Catherine Clark, currently associate director of Student Support Services, secured more than $1 million in funding as project director of the McNair Scholars Program and CSTEP (Collegiate Science and Technology Entry Program). The McNair Scholars Program is an undergraduate research  program preparing and supporting first-generation college students from low-income backgrounds or students from under-represented groups to pursue doctoral study in engineering and science. Named for USS Challenger Space Shuttle crew member Ronald E. McNair, the program is sponsored by the U.S. Department of Education TRIO programs.

The purpose of CSTEP is to increase the number of college graduates who are from ethnic groups that have been traditionally underrepresented in technical-related fields, or who are from economically disadvantaged families. CSTEP provides academic support, research and enrichment experiences that help prepare college students for careers in scientific, technical and health-related fields, or in any field leading to professional licensure. CSTEP is sponsored by the New York State Education Department's Bureau of Professional Career Opportunity Programs.

During her tenure as HEOP director at Clarkson, Susan Owen brought in $1.3 million in funding for teaching from the N.Y. State Department of Education. HEOP provides equal access to higher education for "educationally and economically" disadvantaged students in New York State. The program helps students meet their financial needs and offers them extensive services, including mentoring and tutoring, that boost academic success. Eligible HEOP students receive full-need financial aid packages for up to 10 semesters while at Clarkson.

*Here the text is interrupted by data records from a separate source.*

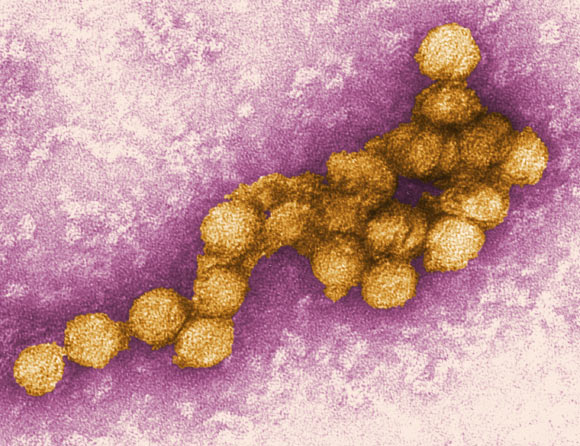This is a digitally-colorized transmission electron microscopic (TEM) image of the West Nile virus. Image credit: Cynthia Goldsmith / P.E. Rollin / CDC.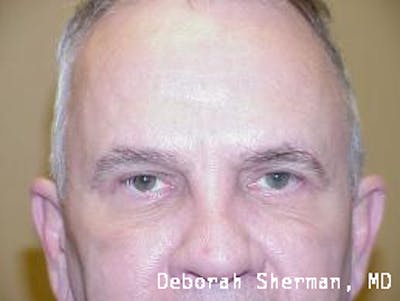 Eyelid Lift/Blepharoplasty Before & After Gallery - Patient 291461 - Image 2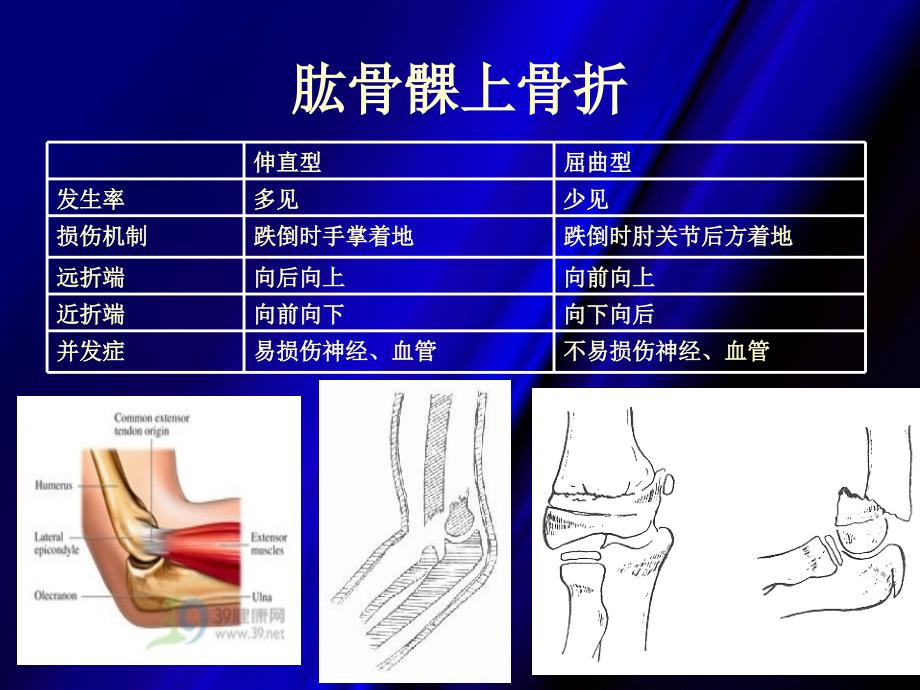 《肱骨髁上骨折》PPT课件_第2页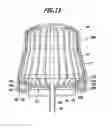 Fig. 15 - Anastomosis device with collapsible distal head element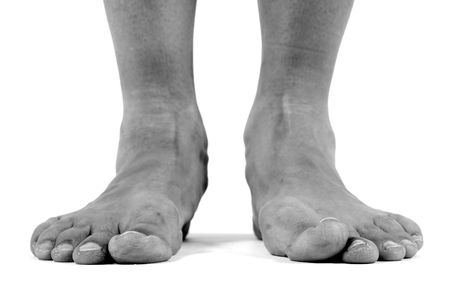 black and white image of flat feet  の写真素材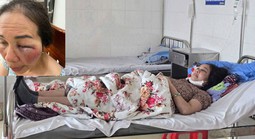 Làm rõ việc tiểu thương tố bị hành hung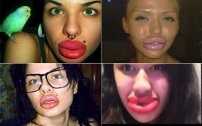 Esta es la espantosa moda de las”labios gigantes”, cada vez más jóvenes se suman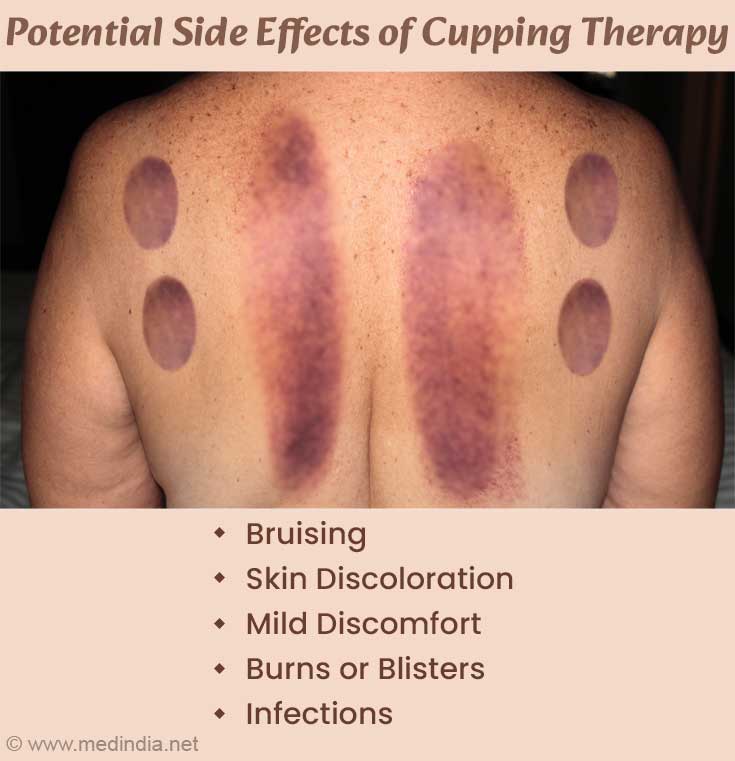 Potential Side Effects of Cupping Therapy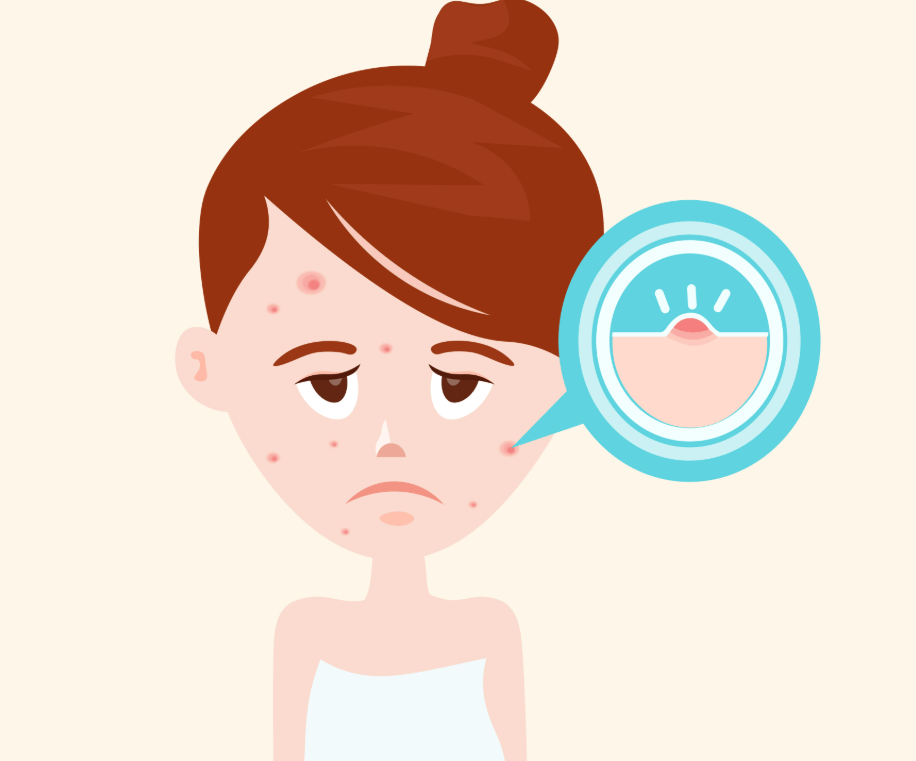 青春痘是如何产生的,长了青春痘该如何护理?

PHOTO CAPTION: Clarkson University recently honored four faculty and administrators whose cumulative external funding for research and teaching has reached or exceeded $1 million. (L-R) Interim Vice Provost of Research Goodarz Ahmadi and Clarkson President Tony Collins with the honorees Associate Director of Student Support Services Catherine Clark; Jean Newell Distinguished Professor of Electrical and Computer Engineering Pragasen Pillay; and Associate Professor of Civil and Environmental Engineering Stefan Grimberg. Missing from the photo: Former Higher Education Opportunity Program (HEOP) Director Susan Owen.